- [WHAT YOU WILL DO] Without including any pictures, write out the data below exactly.
━━━━━ COLLECTED MATERIAL
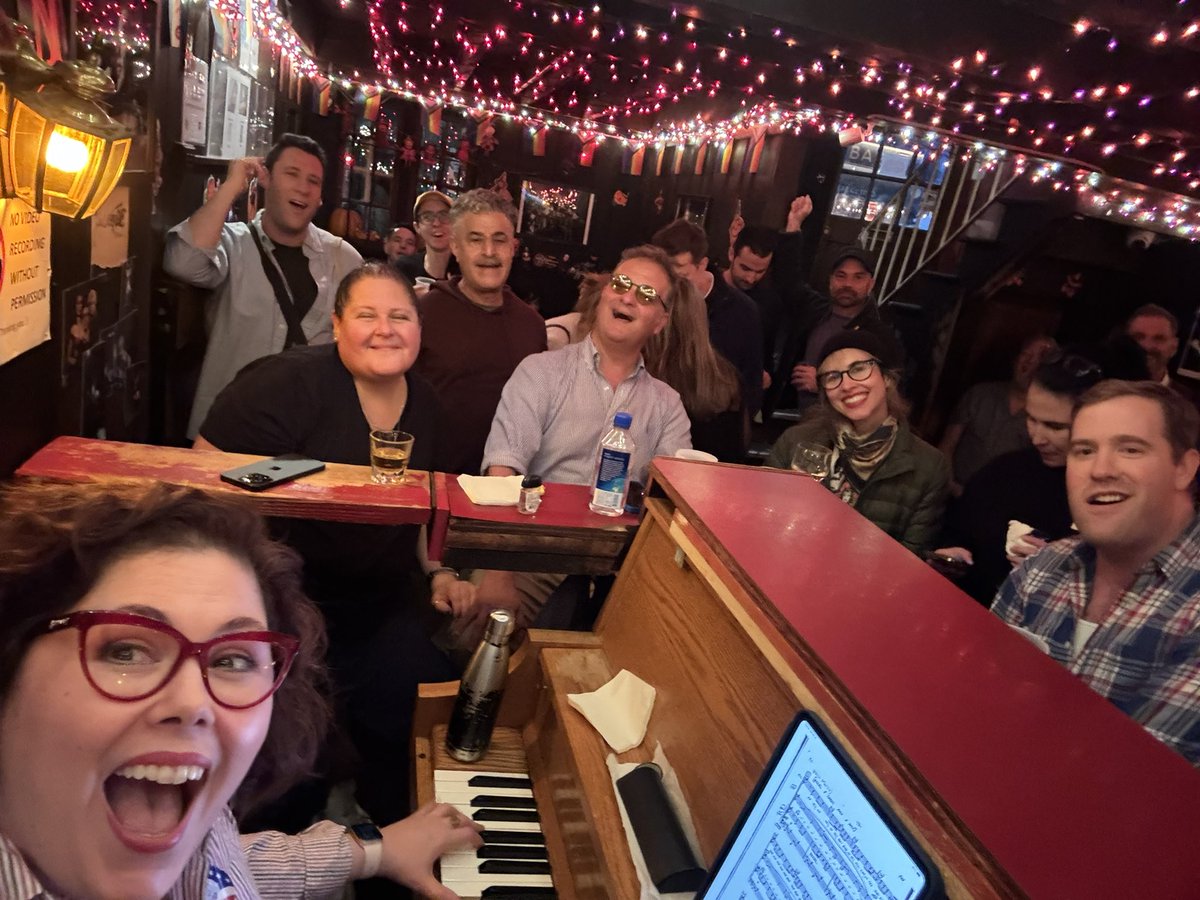 francaverce's tweet photo. Join me at @mariescrisis TONIGHT, TUES, OCT 29, 9:30pm-closing! ALSO: JOIN ME ELECTION NIGHT, NEXT TUESDAY, NOV 5, from 9:30-closing! BUT FIRST: VOTE!!! #tuesday #mariescrisis #broadway #singalong #nyc #showtunes #pianobar #livemusic #sing #host #actor #singer #actormusician https://t.co/5yblRKydy0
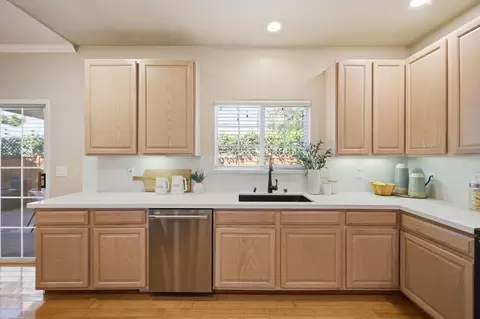 Kitchen - 136 Redding Rd, Campbell, CA 95008 photo 2 of 4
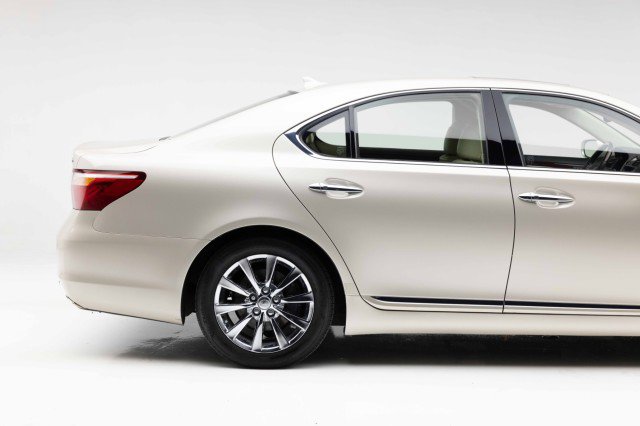 Used 2012 Lexus LS 460 w/ Luxury Value Edition image 21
━━━━━━━━━━
- [WRITTEN SOLUTION]
 francaverce's tweet photo. Join me at @mariescrisis TONIGHT, TUES, OCT 29, 9:30pm-closing! ALSO: JOIN ME ELECTION NIGHT, NEXT TUESDAY, NOV 5, from 9:30-closing! BUT FIRST: VOTE!!! #tuesday #mariescrisis #broadway #singalong #nyc #showtunes #pianobar #livemusic #sing #host #actor #singer #actormusician https://t.co/5yblRKydy0
 Kitchen - 136 Redding Rd, Campbell, CA 95008 photo 2 of 4
 Used 2012 Lexus LS 460 w/ Luxury Value Edition image 21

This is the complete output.